An honest admission! Jane Fonda opened up about her decision to have plastic surgery and why she’s done going under the knife.
In an interview with Vogue, published on Tuesday, August 2 in promotion of her H&M Move campaign, the actress, 84, spoke about aging and wanting “young people to stop being afraid about getting older.”
Fonda shared: “I think that Grace and Frankie gives people, especially women, a lot of hope. That’s why I always tell people what my age is because I want them to realize it.”
She continued: “Now as those words are coming out of my mouth, what I’m thinking with the second part of my brain is, Yeah, Fonda. You have money. You can afford a trainer. You can afford plastic surgery. You can afford facials. You can afford the things that help make you continue to look young. That is true. Money does help. ‘Good genes and a lot of money,’ as somebody once said.”
The Oscar winner asserted, however, that enhancements are not always the answer. “I’m thinking we all know a lot of women who are wealthy who’ve had all kinds of facelifts and things like that, and they look terrible,” she told Vogue, revealing she regrets her own procedure.
“I had a facelift and I stopped because I don’t want to look distorted,” the Book Club star admitted. “I’m not proud of the fact that I had [one].”

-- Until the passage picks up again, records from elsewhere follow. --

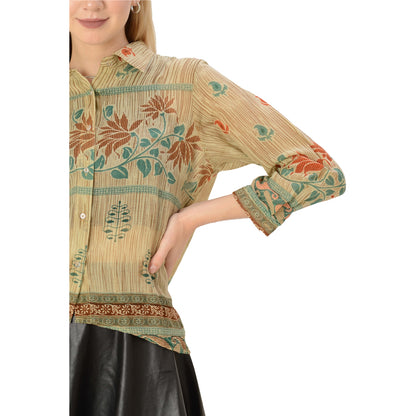 Sanskriti Vintage Limited Edition Beige Floral Shirt Upcycled Pure Cotton Freesize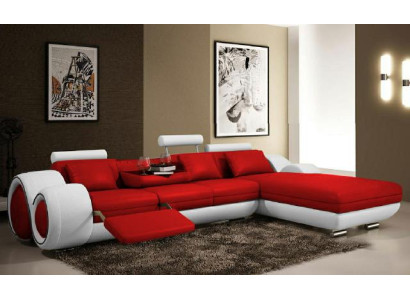 Corner sofa Living landscape Couch Leather sofa with USB Sofa Upholstery Suite Corner BERLIN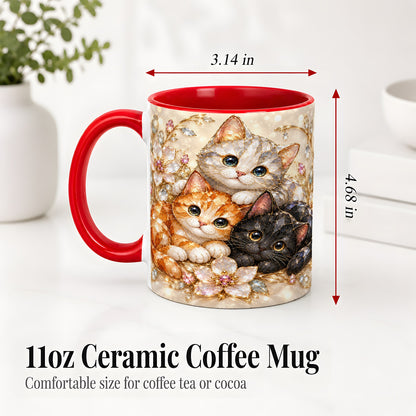 #pl[11oz|Red] Jeweled Cat Floral Ceramic Mug with Three Cats and Flowers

Fonda shared that while nothing is wrong with plastic surgery, the process can be addicting. “I don’t know if I had to do it over if I would do it. But I did it. I admit it, and then I just say, OK, you can get addicted. Don’t keep doing it.”
As for how Fonda keeps herself healthy, the Our Souls At Night star explained: “I stay moisturized.”
She added: “I sleep, I move, I stay out of the sun, and I have good friends who make me laugh. Laughter is a good thing to do.”
Getting a facelift isn’t the only regret Fonda has shared over the years.
In 2020, she revealed why she wishes she’d slept with Marvin Gaye when she had the chance.
During an interview with The New York Times, the Monster-in-Law star shot down the idea that Argentine revolutionary Che Guevara was the one that got away sexually. “No, I don’t think about him,” she said when Guevara’s name was brought up.
Instead, she pointed to Gaye as her missed opportunity, calling him “a great regret,” adding that “He wanted to and I didn’t.”
The New York native explained that she was married to Tom Hayden (the two were married from 1973 to 1990) at the time and therefore she walked away from the late “Ain’t No Mountain High Enough” crooner’s advances.
(Before Hayden, Fonda was married to Roger Vadim from 1965 to 1975. After Hayden, she wed Ted Turner in 1991. The two split in 2001.)
“I was meeting a lot of performers to try to do concerts for Tom and the woman who was helping me do that introduced me to Marvin Gaye,” she recalled.
When it comes to her current love life, the activist said she’s over it. “I don’t have time,” Fonda told the outlet. “I am fully complete with me and my children and my grandchildren and my friends. I don’t want any more romance. I don’t have time for it.”